In a damaging disclosure, Facebook Inc stated that the personal information of up to 87 million users, up from 50 million, mostly from the United States, may have been improperly shared with Cambridge Analytica.
During a conference call with reporters, Facebook’s CEO, Mark Zuckerberg stated that Facebook had not seen “any meaningful impact” on its usage or ad sales since the eruption of the scandal; he was quick to add that “it’s not good” if people are unhappy with Facebook,
Zuckerberg has accepted the blame for the huge data leak which has angered lawmakers, users and advertisers. Despite taking responsibility for the massive data leak, he said he is still the right person to lead the company he founded.
“When you’re building something like Facebook that is unprecedented in the world, there are going to be things that you mess up,” said Zuckerberg who emphasized that it was important to learn from mistakes.

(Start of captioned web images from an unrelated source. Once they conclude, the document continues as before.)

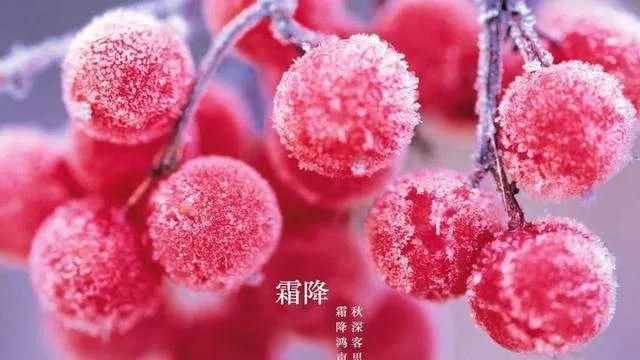 农谚“先冬后霜，来年大荒”，是什么意思今年霜降交节是在哪天图2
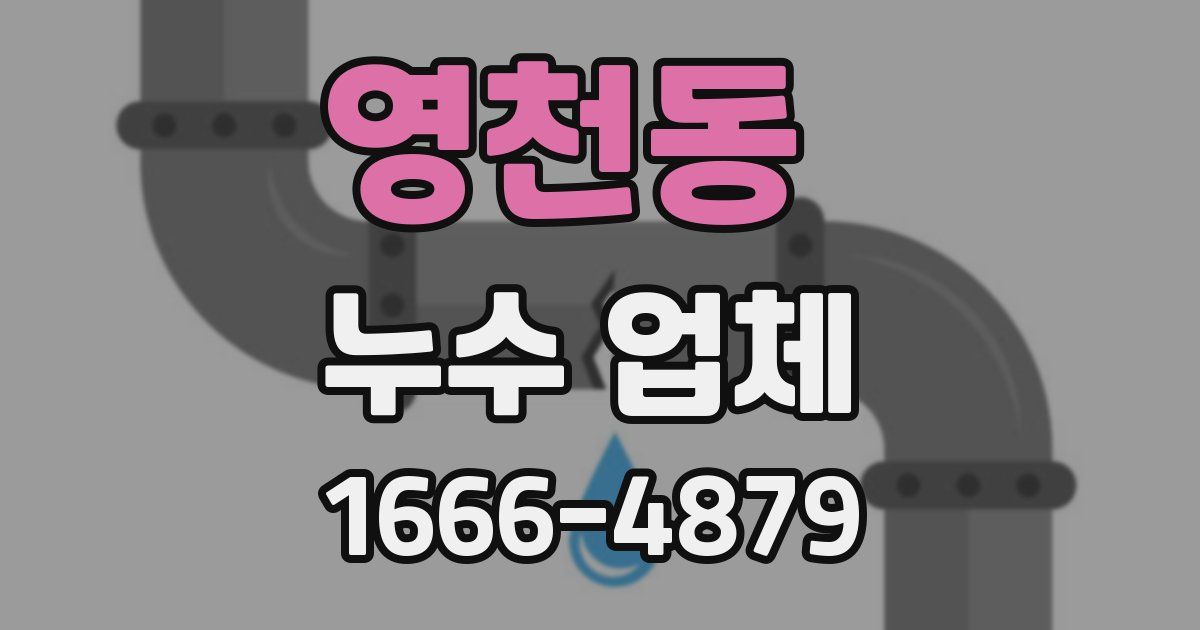 영천동 누수 업체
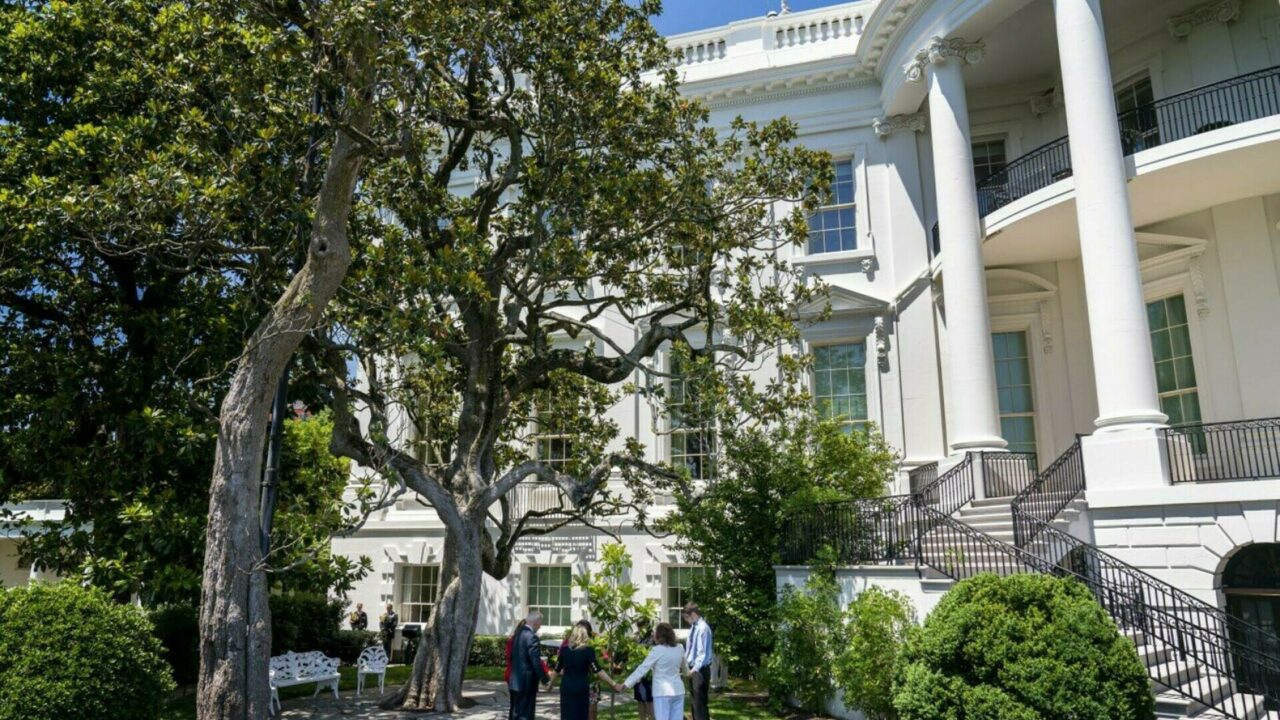 „Jackson Magnolia”, cel mai vechi arbore de teren de la Casa Albă, va fi TĂIAT : „Un risc grav la adresa securităţii” / Ce spune Donald Trump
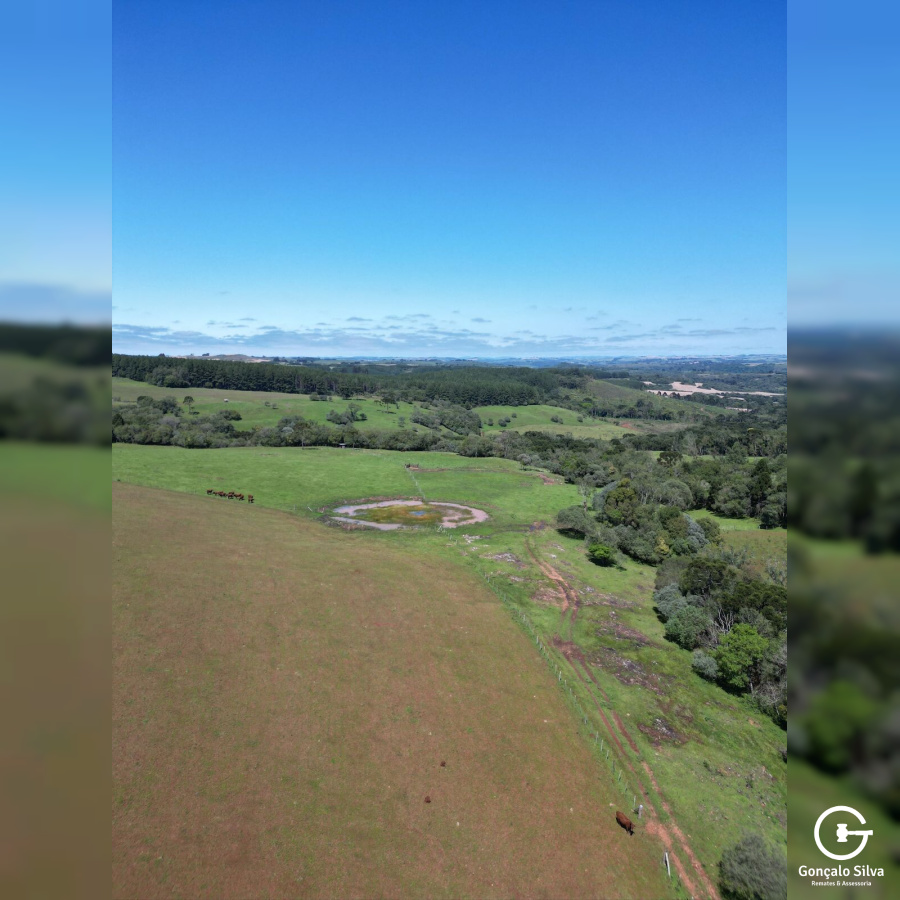 Cabanha com 61 Hectares em Muitos Capões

It would be challenging for other directors to oust him from Facebook since he has a controlling share in the company.
Zuckerberg also stated, he has not fired anyone over scandal and does not plan to do so.
“I’m not looking to throw anyone else under the bus for mistakes that we made here,” said Zuckerberg.
London-based Cambridge Analytica, which counted U.S. President Donald Trump, among its clients for his 2016 U.S. Presidential election, has disputed Facebook’s estimate of affected users. In a tweet, it said it has received no more than 30 million records from a researcher it hired to collect data about people on Facebook.
“Knowing what I know today, clearly we should have done more,” said Zuckerberg while refering to the necessity for more audits in the firm.
Going forward, Zuckerberg said Facebook was taking steps to restrict access to personal data to third-party app developers, however, this might take up to two years.
“We’re broadening our view of our responsibility,” said Zuckerberg.
Shares of Facebook have dropped by more than 16% since the Cambridge Analytica scandal surfaced.
The scandal has kicked off an investigation by the U.S. Federal Trade Commission and by nearly 37 U.S. state attorneys general as well as by Britain’s Information Commissioner’s Office.